One of the biggest causes of traffic accidents is distracted driving. The fact that people die in one of the approximately 1,000 daily collisions involving a distracted driver every day, around one third of respondents to a poll admitted to driving while distracted.
If you ask the average person what distracted driving means, they’ll most likely name using a cell phone while driving a vehicle. This is a common (and deadly) form of distracted driving, but it’s not limited to surfing the web or sending text messages on a smartphone.

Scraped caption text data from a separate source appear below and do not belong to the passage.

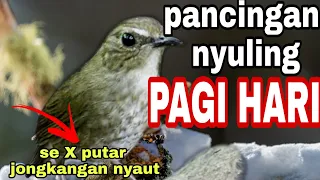 Download MASTERAN SUARA BURUNG JONGKANGAN NYULING - Agar Jongkangan Ngeriwik Rajin Nyuling MP3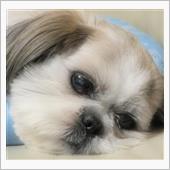 10月の仁君～(*^O^*)
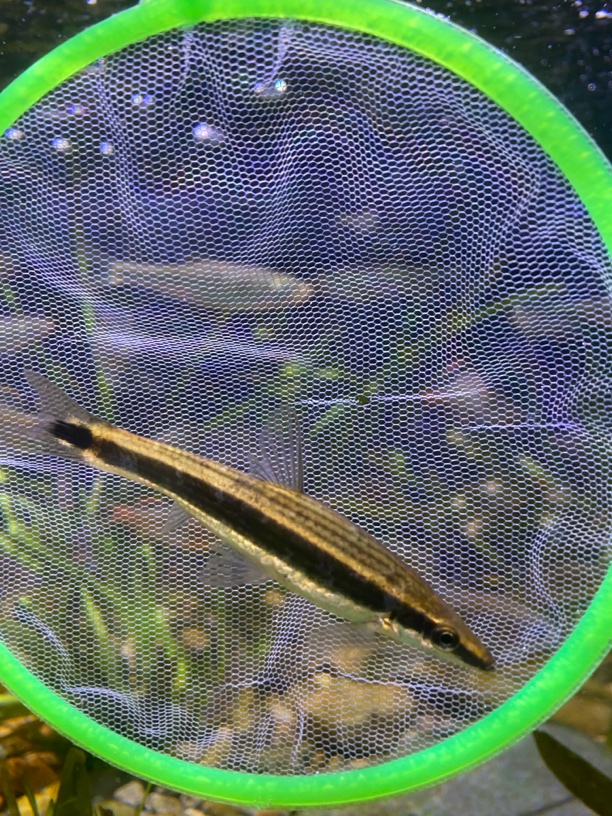 冷水活体铅笔麦穗鱼不用加温好养活群游观赏于小型淡水原生鱼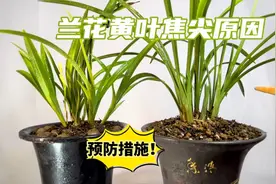 兰花黄叶焦尖的原因？以及预防措施，很实用！新手赶紧看看视频封面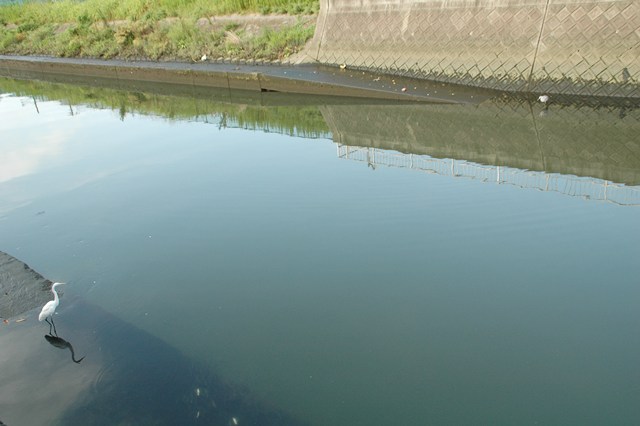 f0012718_1431010.jpg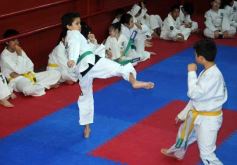 Foto de la galería: Gran cita del taekwondo en Posadas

Other examples include:
- Being distracted by other passengers in the car
- Changing or selecting music
- Drifting off into thought or daydreaming
- Reading anything while driving
- Eating and drinking
To combat this issue, parents should have ongoing conversations with teenagers about the dangers of distracted driving, sharing the definition, threats, statistics, and legal obligations. It also means being vigilant and setting consequences for irresponsible behavior. This includes:
- Limiting the number of passengers they’re allowed to have
- Monitoring cell phone usage and taking away privileges if the phone is used while driving
- Restricting their driving privileges for any observed unsafe driving
While these may be unpopular consequences with your kid, they’re potentially lifesaving. As teenagers grow into their next phase of life and join the millions of other drivers on the roadways, they can present a real threat because of their inexperience and immaturity. Don’t let your teen become a statistic—talk to them today.